PROBLEM REQUIREMENTS:
What needs reproducing is the run of lines in the data below starting at the line with "Tables of traditional" and ending at the line with "A black, purple, and", both ends included. Copy it exactly, without pictures, and add nothing.

SOURCE MATERIAL:

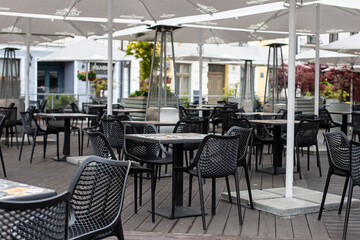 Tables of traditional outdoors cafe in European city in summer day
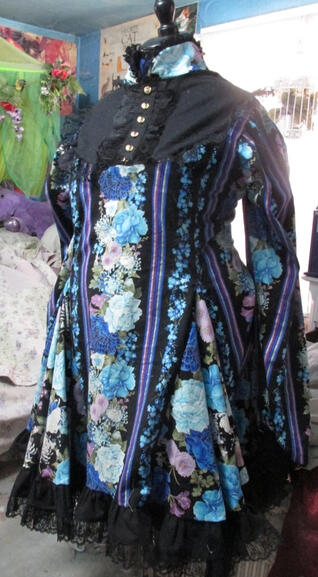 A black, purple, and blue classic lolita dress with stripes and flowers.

* * *

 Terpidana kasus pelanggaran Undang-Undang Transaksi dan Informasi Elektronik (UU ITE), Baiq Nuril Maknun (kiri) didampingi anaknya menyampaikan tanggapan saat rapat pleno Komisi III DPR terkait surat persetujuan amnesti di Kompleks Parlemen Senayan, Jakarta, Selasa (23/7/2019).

ANSWER FOR THIS EXERCISE:
 Tables of traditional outdoors cafe in European city in summer day
 A black, purple, and blue classic lolita dress with stripes and flowers.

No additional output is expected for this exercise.